Reflexões sobre a investigação Marroco-Americana em Alcácer Ceguer, 1972-1981
por Charles L. Redman
Logo após completar o meu doutoramento em arqueologia antropológica, tive a sorte de receber apoio financeiro e a oportunidade de dirigir uma escavação em Marrocos, focada no urbanismo islâmico. À época eu defendia a chamada new archaeology e juntei uma equipa multidisciplinar, que incluía antropólogos, historiadores de arte, historiadores e etnógrafos. O Ministério da Cultura marroquino foi muito receptivo e recomendou que nos concentrássemos em Alcácer Ceguer, uma cidade fortificada que era bem conhecida, mas que até então tinha recebido muito pouca atenção arqueológica. No local haviam sido plantados nos anos anteriores várias centenas de pinheiros. Esta situação precipitou um desentendimento inicial com o xeque local, que questionou se a autorização de Rabat para conduzir uma investigação arqueológica incluía o corte das árvores onde iríamos escavar. Acabámos por resolver o problema e mobilizar um grupo de moradores locais para ajudar no trabalho de campo. A cada temporada subsequente, contratámos muitos dos mesmos trabalhadores, que se tornaram qualificados nas suas tarefas, permitindo que os estudantes pós-graduados de Rabat, dos Estados Unidos e da Europa se concentrassem no trabalho de registo e direcção.

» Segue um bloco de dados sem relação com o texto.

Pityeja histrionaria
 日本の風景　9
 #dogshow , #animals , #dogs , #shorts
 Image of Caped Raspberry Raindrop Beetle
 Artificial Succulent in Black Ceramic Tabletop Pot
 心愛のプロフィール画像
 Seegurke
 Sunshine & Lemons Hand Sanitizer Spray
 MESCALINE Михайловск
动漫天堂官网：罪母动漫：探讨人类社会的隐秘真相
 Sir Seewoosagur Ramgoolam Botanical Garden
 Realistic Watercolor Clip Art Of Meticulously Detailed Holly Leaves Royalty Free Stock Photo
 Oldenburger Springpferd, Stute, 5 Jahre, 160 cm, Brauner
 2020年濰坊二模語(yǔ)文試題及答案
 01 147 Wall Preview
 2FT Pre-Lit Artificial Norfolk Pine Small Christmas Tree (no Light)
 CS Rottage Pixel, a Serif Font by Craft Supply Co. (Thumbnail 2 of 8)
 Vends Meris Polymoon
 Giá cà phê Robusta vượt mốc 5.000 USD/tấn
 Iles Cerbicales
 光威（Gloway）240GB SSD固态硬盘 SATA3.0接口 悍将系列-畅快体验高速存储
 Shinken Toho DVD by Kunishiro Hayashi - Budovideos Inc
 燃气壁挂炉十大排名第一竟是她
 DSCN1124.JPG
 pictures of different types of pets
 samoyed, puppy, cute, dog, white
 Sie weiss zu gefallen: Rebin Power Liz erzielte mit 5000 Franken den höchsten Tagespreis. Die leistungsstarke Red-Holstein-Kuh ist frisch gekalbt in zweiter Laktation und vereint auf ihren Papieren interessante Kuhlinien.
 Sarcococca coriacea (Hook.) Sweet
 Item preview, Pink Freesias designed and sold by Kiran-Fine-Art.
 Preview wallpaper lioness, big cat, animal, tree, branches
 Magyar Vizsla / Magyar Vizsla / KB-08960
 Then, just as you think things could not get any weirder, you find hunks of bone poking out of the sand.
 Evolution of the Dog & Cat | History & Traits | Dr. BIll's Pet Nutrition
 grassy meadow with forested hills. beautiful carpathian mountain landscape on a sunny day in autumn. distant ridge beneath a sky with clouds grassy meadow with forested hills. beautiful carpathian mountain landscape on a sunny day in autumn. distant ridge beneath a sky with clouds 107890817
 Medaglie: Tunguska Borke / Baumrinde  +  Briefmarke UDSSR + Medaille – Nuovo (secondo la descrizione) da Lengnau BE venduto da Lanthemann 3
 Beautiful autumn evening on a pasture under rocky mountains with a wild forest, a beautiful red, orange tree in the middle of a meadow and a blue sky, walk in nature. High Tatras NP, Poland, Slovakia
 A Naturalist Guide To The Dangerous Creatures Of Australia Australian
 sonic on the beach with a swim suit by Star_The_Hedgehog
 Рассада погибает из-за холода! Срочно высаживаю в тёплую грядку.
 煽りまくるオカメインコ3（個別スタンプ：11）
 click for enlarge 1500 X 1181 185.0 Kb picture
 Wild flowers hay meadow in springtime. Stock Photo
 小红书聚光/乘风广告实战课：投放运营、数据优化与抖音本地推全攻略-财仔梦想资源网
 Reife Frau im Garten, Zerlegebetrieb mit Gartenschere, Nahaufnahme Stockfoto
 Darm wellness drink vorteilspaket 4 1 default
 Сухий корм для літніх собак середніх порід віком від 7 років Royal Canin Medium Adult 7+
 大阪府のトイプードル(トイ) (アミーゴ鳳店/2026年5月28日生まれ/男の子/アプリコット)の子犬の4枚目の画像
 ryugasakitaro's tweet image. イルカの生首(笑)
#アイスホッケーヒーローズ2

Embora a nossa prioridade fosse descobrir e compreender a sequência de cidades islâmicas de dimensão modesta, como Alcácer Ceguer, ficou imediatamente claro que todos estes vestígios tinham sido transformados e ocultados pela ocupação e fortificações portuguesas. Assim, para estudar os vestígios do período islâmico, teríamos primeiro de revelar, estudar e, depois, remover os vestígios do período português. Isto trouxe-nos um dilema, porque o nosso foco de interesse estava nos níveis inferiores do sítio, mas para os atingir teríamos que investigar uma grande área dos níveis superiores. Em ambos os períodos, tentámos equilibrar o nosso esforço entre expor o sistema de fortificações, as instituições centrais da cidade e uma amostra representativa da arquitectura vernacular. Com o intuito de registar tudo com precisão, aplicámos um sistema detalhado de registo de campo e contratámos arquitectos profissionais para desenhar os edifícios e as suas características. Também utilizámos técnicas de recuperação rigorosas para guardar, catalogar e interpretar centenas de milhares de artefactos, tudo com a ajuda de computadores. A categoria principal eram os fragmentos de objectos cerâmicos, mas foram também encontrados e estudados muitas ferramentas, armas, jóias, moedas, vidros e restos de comida, para revelar os detalhes do quotidiano e as ligações comerciais, ajudando a atribuir uma datação aos depósitos.
Enfim, foi quase uma década a descobrir coisas incríveis, vestígios de gentes talentosas e criativas que ocuparam este espaço especial nos séculos passados e que contribuíram para a história medieval do Magrebe e do Mediterrâneo ocidental.